#### Exercise:
Copy each line below in which the word "Were" occurs.

=== Listed records ===

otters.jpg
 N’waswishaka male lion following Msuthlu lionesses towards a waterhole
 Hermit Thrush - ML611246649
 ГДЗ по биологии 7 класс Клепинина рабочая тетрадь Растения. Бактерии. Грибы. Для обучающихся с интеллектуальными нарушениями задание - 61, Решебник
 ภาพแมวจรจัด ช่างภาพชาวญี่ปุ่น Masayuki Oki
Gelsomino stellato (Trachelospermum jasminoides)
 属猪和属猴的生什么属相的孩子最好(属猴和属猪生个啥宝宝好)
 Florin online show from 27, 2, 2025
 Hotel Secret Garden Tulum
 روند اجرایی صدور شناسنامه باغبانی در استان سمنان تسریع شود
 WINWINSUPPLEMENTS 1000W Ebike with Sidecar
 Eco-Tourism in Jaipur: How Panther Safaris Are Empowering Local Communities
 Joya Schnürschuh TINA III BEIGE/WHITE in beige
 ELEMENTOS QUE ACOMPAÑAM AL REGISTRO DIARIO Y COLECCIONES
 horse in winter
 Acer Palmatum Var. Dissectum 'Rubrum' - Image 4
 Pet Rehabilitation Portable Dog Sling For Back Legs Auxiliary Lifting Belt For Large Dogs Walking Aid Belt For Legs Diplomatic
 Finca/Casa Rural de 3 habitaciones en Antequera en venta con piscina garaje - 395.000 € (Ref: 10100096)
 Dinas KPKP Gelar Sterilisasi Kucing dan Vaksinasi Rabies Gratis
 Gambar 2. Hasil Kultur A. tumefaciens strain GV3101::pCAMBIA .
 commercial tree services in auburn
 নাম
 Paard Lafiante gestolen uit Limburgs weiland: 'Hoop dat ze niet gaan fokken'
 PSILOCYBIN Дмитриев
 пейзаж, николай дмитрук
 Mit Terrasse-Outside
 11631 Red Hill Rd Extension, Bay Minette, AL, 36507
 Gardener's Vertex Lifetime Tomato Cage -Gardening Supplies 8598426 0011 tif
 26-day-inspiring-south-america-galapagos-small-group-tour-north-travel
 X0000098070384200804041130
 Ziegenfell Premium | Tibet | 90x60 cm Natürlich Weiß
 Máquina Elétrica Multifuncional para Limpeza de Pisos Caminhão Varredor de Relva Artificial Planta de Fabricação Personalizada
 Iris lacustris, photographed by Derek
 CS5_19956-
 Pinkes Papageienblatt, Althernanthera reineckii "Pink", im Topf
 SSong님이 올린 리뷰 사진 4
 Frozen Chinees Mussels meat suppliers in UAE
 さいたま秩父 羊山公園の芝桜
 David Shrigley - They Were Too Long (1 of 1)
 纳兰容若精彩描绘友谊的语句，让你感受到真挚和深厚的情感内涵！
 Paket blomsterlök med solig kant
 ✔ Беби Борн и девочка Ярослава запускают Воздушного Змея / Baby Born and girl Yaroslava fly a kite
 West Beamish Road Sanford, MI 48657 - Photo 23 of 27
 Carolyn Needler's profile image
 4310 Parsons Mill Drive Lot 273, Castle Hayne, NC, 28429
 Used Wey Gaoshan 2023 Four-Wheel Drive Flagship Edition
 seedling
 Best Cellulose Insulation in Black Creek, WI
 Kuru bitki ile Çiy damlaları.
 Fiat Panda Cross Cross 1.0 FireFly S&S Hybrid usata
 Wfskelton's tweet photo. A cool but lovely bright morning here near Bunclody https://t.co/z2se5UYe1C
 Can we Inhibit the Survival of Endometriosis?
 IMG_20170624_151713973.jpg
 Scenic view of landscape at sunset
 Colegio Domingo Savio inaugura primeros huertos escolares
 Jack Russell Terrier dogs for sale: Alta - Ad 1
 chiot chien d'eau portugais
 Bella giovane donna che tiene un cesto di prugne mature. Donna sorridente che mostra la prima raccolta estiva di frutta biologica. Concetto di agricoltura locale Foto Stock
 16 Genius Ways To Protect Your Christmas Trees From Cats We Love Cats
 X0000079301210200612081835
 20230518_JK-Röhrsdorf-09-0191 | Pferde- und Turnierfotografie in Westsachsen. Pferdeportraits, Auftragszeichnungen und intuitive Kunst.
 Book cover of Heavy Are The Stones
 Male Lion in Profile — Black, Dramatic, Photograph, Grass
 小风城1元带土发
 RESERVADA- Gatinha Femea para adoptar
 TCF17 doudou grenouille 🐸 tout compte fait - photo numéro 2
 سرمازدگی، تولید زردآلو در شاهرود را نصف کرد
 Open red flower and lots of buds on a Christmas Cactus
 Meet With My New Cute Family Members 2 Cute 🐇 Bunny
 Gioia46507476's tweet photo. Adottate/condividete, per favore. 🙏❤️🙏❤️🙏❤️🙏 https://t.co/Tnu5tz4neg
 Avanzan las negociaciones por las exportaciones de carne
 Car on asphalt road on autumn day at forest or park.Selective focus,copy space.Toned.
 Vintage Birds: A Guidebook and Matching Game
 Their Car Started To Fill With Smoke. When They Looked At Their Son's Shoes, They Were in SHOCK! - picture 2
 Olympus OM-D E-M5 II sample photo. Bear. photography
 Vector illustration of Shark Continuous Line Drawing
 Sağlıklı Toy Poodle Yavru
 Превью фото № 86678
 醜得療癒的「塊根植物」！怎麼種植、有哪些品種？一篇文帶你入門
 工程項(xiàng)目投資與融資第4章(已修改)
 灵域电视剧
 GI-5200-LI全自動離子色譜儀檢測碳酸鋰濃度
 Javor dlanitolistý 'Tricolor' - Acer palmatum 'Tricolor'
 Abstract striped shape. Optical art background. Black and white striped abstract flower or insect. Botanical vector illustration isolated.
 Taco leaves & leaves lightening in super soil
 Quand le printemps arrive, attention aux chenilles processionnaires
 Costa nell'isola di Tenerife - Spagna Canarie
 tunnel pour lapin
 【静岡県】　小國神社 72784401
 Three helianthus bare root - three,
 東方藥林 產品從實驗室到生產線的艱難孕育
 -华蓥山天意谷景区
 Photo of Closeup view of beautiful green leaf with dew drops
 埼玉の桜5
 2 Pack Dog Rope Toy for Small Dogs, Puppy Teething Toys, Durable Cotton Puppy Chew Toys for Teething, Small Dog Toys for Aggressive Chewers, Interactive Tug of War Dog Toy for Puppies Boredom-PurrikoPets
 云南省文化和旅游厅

===

#### Answer to this exercise:
 David Shrigley - They Were Too Long (1 of 1)
 Their Car Started To Fill With Smoke. When They Looked At Their Son's Shoes, They Were in SHOCK! - picture 2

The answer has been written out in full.